锂离子电池电极材料性能调控的界面效应研究

New-type electrode materials of Li ion batteries such as Li-rich and olivine cathode materials, metal oxide anode materials, etc. have great application potential.However, their stability, cycling and rate performances require to be further improved. Doping and graphene coating are the hot research topics to modulate the electrochemical performances of electrode materials. The surfaces and grain boundaries in electrode materials, as well as the interfaces between the electrode materials and the coating, play an important role in the control of the electrochemical performances of the electrode materials. The microscopic mechanism of the interface influence on the electrochemical properties is a scientific problem urgent to be solved. In this project, we will focus on the Li-rich and olivine cathode materials and metal oxide anode materials to systematically study the effects of surfaces and grain boundaries of electrode materials and the interfaces between the electrode materials and graphene, as well as the dopants at the interface, on the electrochemical properties of the electrode materials, using first-principles calculations. The atomic structures of the interfaces will be obtained and the electronic structures of the systems will be analyzed. In combination with the electrochemical performance test of electrode materials with different dopants and graphene coating, the microscopic influence mechanism of the interface, as well as the dopants at the interface, on the electrochemical properites of the electrode materials will be made clear. The interface effects in the electrochemical performance modulation of the electrode materials will be elucidated. Furthermore, through this project, the redox processes during the Li ion intercalation and deintercalation will be comprehensively understood.
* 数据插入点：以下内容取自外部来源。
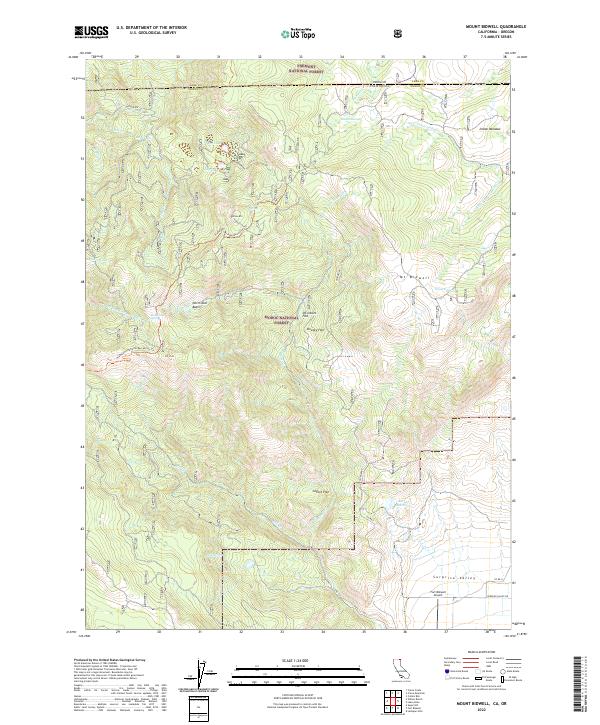 Mount Bidwell, CA-OR — USGS 7.5-minute topo (2022)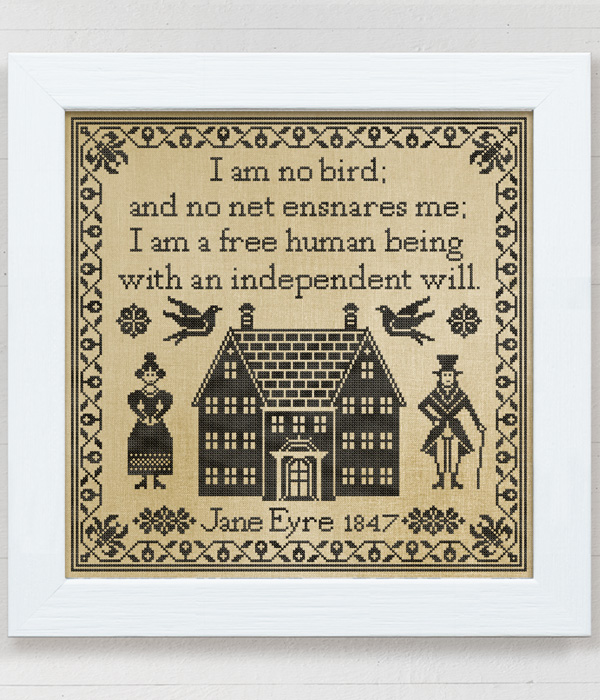I Am No Bird: A Charlotte Brontë Sampler - cross stitch design by Modern Folk Embroidery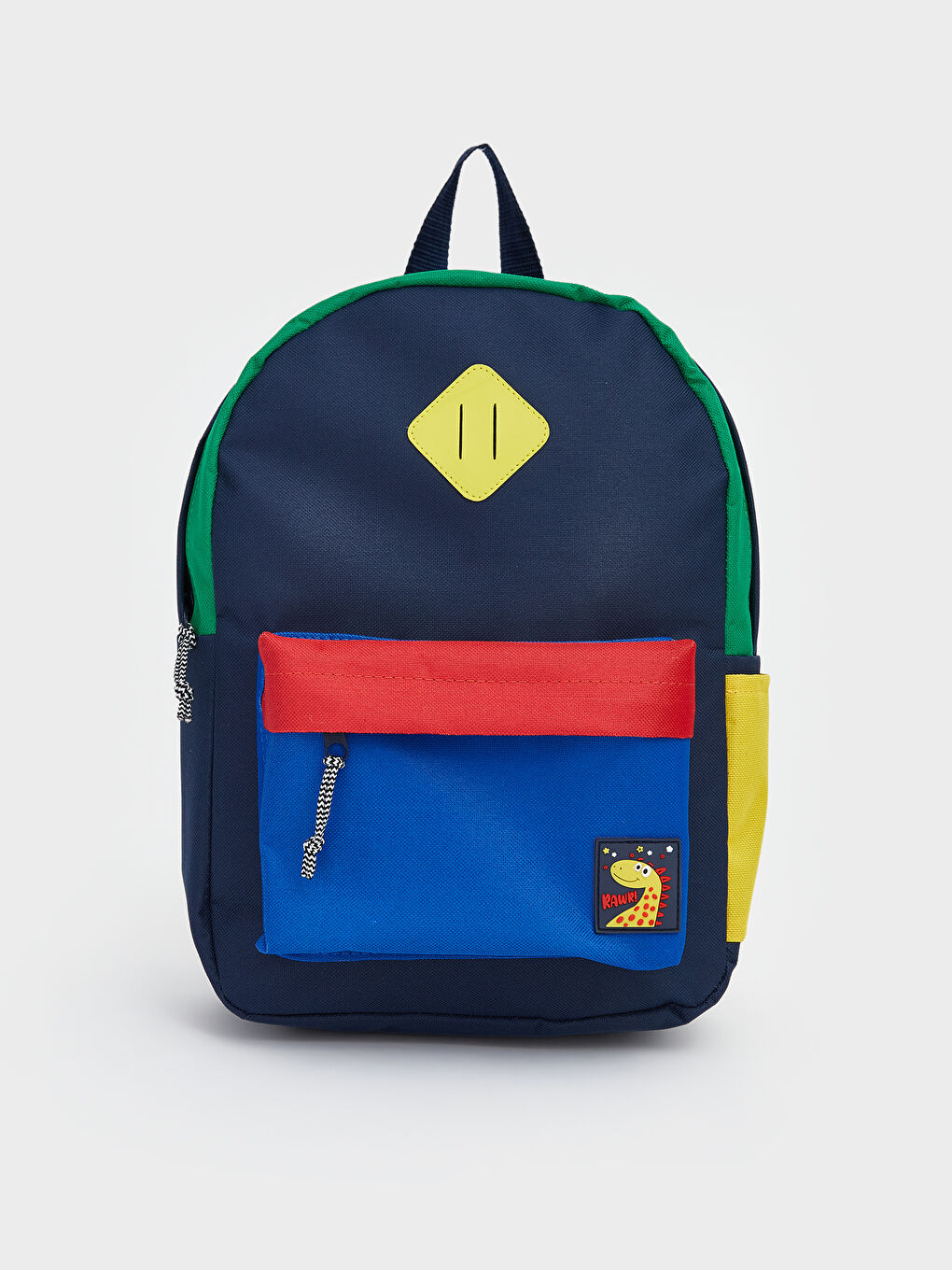 ფერადი ბლოკებით გაფორმებული ბავშვის ზურგჩანთა მისთვის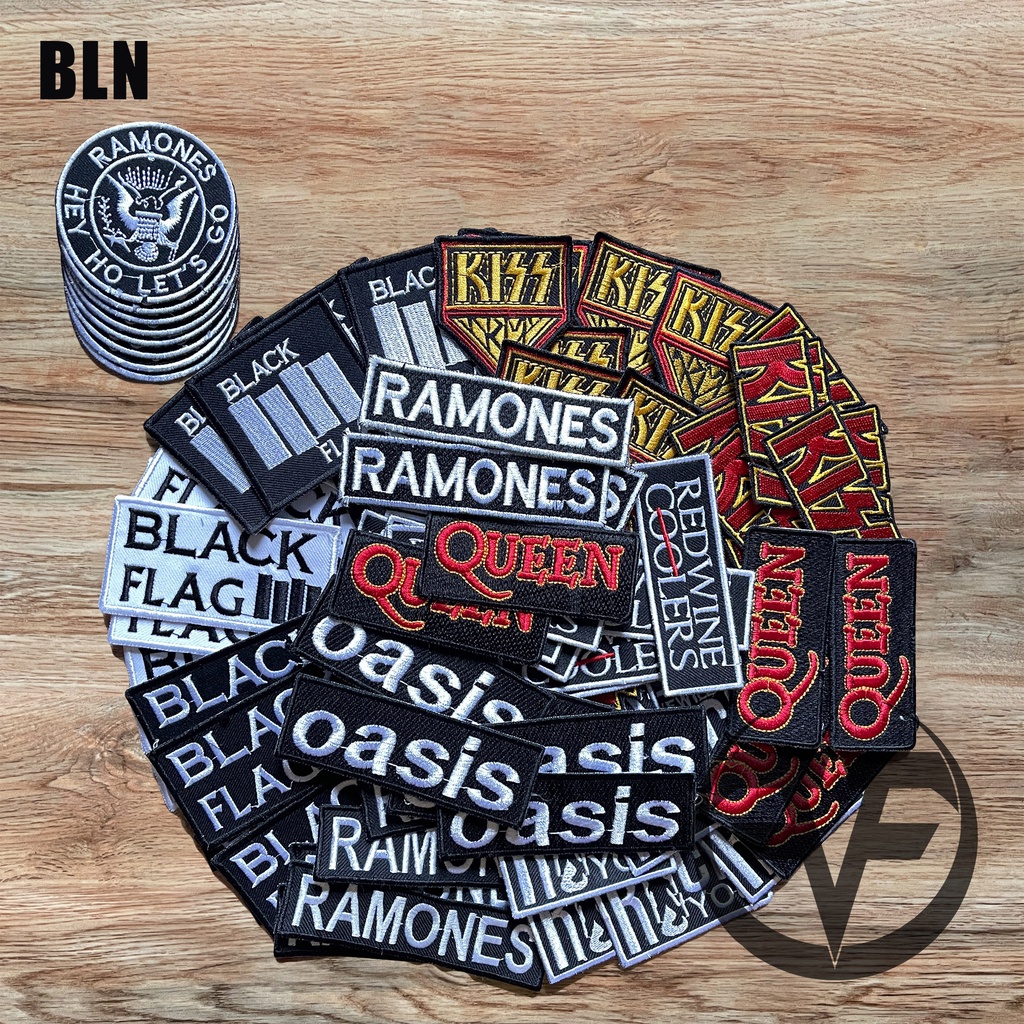 patch emblem bordir MOTIF BAND RAMONES OASIS QUEEN KISS extra aksesoris untuk jaket, tas, slimbag, c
Thus, the relationship of the electrochemical performances of the eletrode materials with doping and graphene coating is expected to be established, which will direct the optimization of sythesis conditions to control the doping and coating and to realize the interface modulation, and as a result, the eletrochemical performance of the electrode materials will be enhanced, and new-type electrode materials in Li ion batteries will be designed.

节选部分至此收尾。